**Records for this task:**
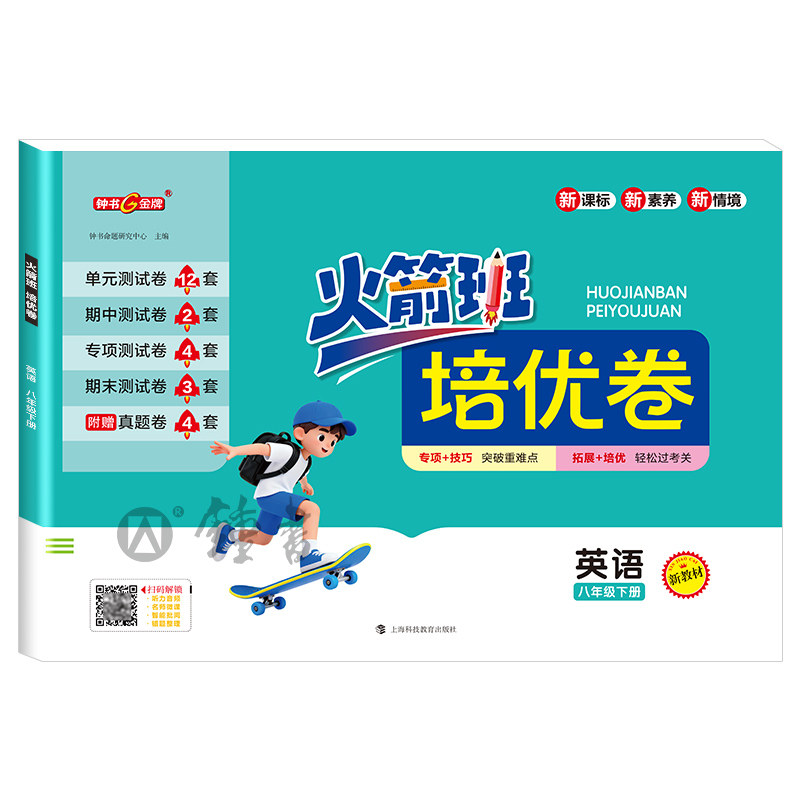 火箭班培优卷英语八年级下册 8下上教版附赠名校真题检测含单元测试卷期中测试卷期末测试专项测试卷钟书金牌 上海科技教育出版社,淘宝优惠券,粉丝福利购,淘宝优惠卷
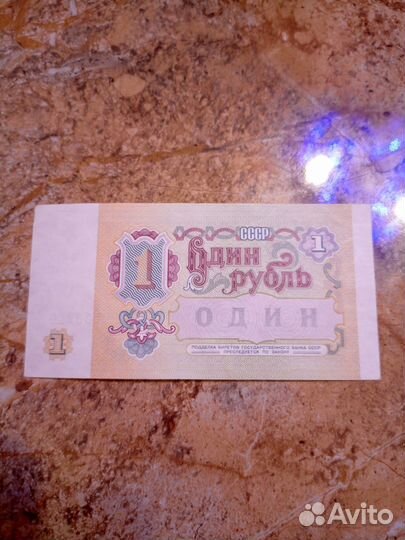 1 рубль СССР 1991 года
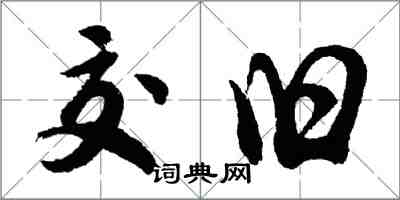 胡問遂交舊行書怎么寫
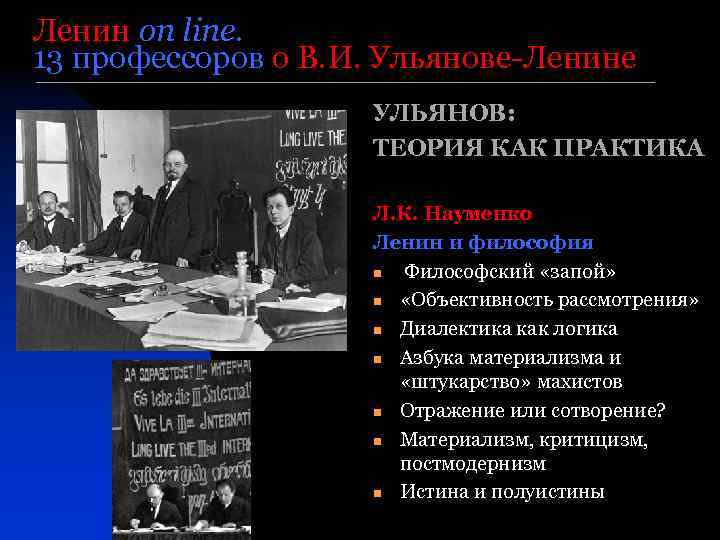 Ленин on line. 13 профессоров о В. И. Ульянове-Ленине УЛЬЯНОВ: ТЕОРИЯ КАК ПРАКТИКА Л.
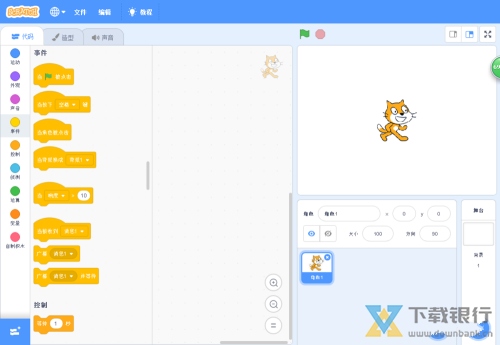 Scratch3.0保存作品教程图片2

**Your task:** Where an entry holds a picture, drop it and transcribe everything else exactly.

**Reply to the task:**
 火箭班培优卷英语八年级下册 8下上教版附赠名校真题检测含单元测试卷期中测试卷期末测试专项测试卷钟书金牌 上海科技教育出版社,淘宝优惠券,粉丝福利购,淘宝优惠卷
 1 рубль СССР 1991 года
 胡問遂交舊行書怎么寫
 Ленин on line. 13 профессоров о В. И. Ульянове-Ленине УЛЬЯНОВ: ТЕОРИЯ КАК ПРАКТИКА Л.
 Scratch3.0保存作品教程图片2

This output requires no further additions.